Published: 18th October 2013 03:17 PM  |   Last Updated: 18th October 2013 03:17 PM   |  A+A-


With the Congress leadership firm on its decision to carve out a Telangana state, party leaders from other two regions of Andhra Pradesh appear to have reconciled to the state's division that looks imminent.

After vociferous protests for two months, the leaders from Seemandhra, as Rayalaseema and coastal Andhra are together known, have now realized that the bifurcation is inevitable. The leaders including central ministers and MPs are now focussing on extracting a compensation package for Seemandhra.
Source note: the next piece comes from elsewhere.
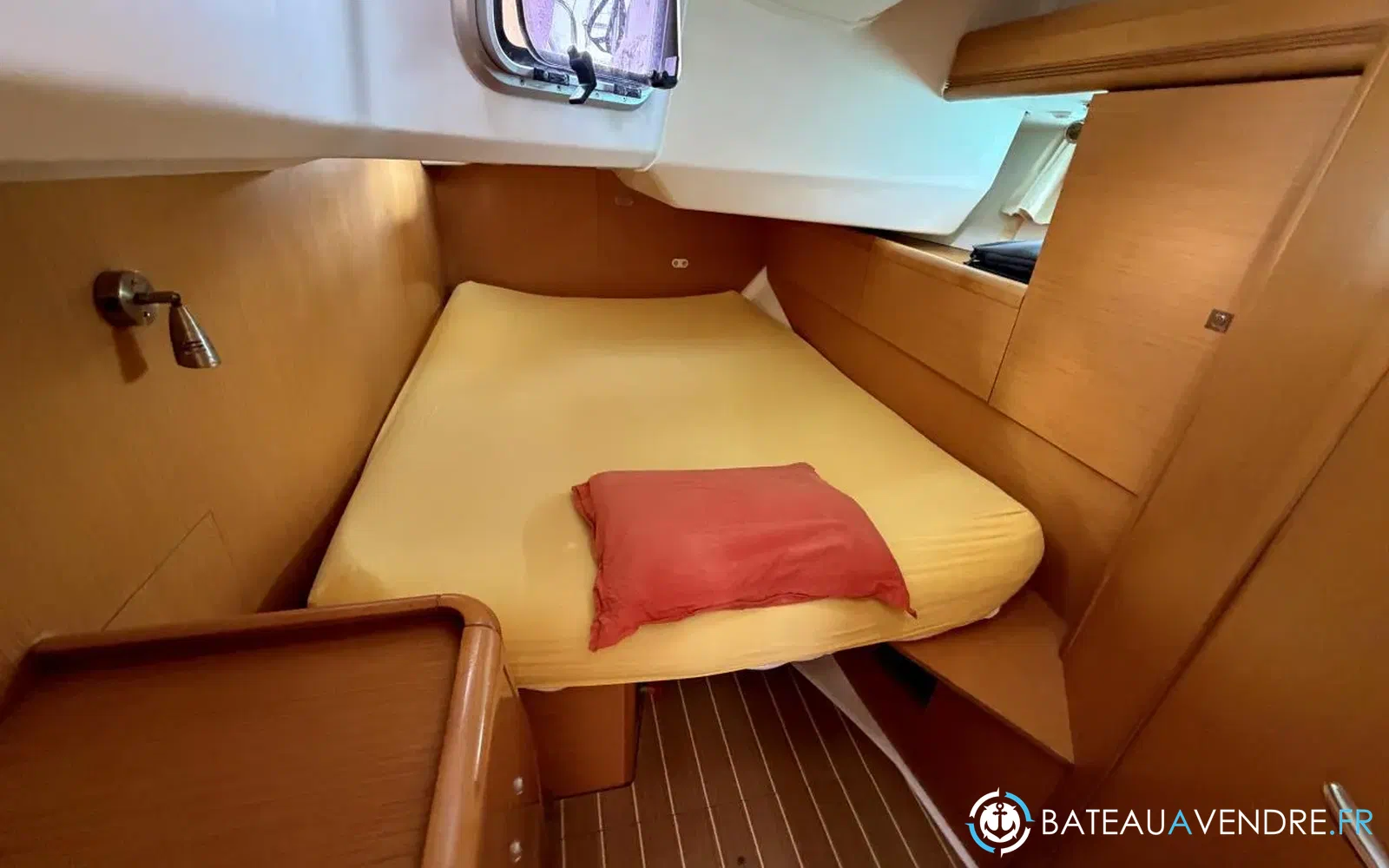 slider 29 Jeanneau Sun Odyssey 44i Performance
The leaders are preparing to meet the seven-member Group of Ministers (GoM) constituted by the union cabinet to make a representation. They will draw the GoM's attention to the concerns of Seemandhra people, especially with regard to sharing of river waters, revenues, electricity and the status of Hyderabad.

The feeling is growing among central ministers that bifurcation is inevitable. Even the four ministers who submitted their resignations to Prime Minister Manmohan Singh appear to have concluded that they can't prevent a division.

Union Minister of State D. Purandeswari was the first to go on record. She said when it was certain that the division would be a reality, there was no point in demanding what was not going to be delivered.

Even while claiming that she is a staunch integrationist, she said a representation would be made to the GoM on how the interests of Seemandhra could be protected after bifurcation.

She along with others are now focusing on getting a fair deal for Seemandhra with a package including funds for developing a new capital for the residuary state of Andhra Pradesh.

Other central ministers from Seemandhra agree with her.

"I don't think the state will remain united with our resignations," said K. Krupa Rani on the demands that all central ministers from Seemandhra resign to mount pressure on New Delhi.

The intensity of the 'Samaikyandhra' (united Andhra) agitation has also come down following the withdrawal of the strike by some sections of government employees.

After two months, buses have returned to the roads in all 13 districts, with employees of state-owned Andhra Pradesh State Road Transport Corp (APSRTC) calling off their strike last week. The government-run schools and colleges have also re-opened with over 200,000 teachers returning to work.

State ministers from Seemandhra headed by S. Sailajanath initially threatened to boycott the GoM on the ground that it has no representation from the state.

But a section of ministers want the coordination headed by Sailajanath to submit a report the GoM.

Ministers like P. Bala Raju feels that at a time when the bifurcation looks certain, failing to protect the interests of Seemandhra would amount to deceiving people.

Congress general secretary Digvijaya Singh has assured the Seemandhra people that all their concerns would be addressed.

"The centre will announce a good financial package for the construction of a new capital apart from showering various concessions," he said.

Political analysts say the Samaikyandhra leaders have toned down their criticism in the last few days.

Many of them had earlier declared that nothing short of united Andhra Pradesh is acceptable to them but they are now saying that they will exercise all options available to prevent bifurcation.

To assuage the feelings of the protesters on the streets, the leaders have said time and again that they will defeat the Telangana resolution whenever it is brought before the state assembly.

They hope that the issue will be referred to the assembly twice and both the times they want to stand up and be counted for a united state. They are also aware that despite the assembly defeating the resolution, the central government may still go ahead with the formation of Telangana state.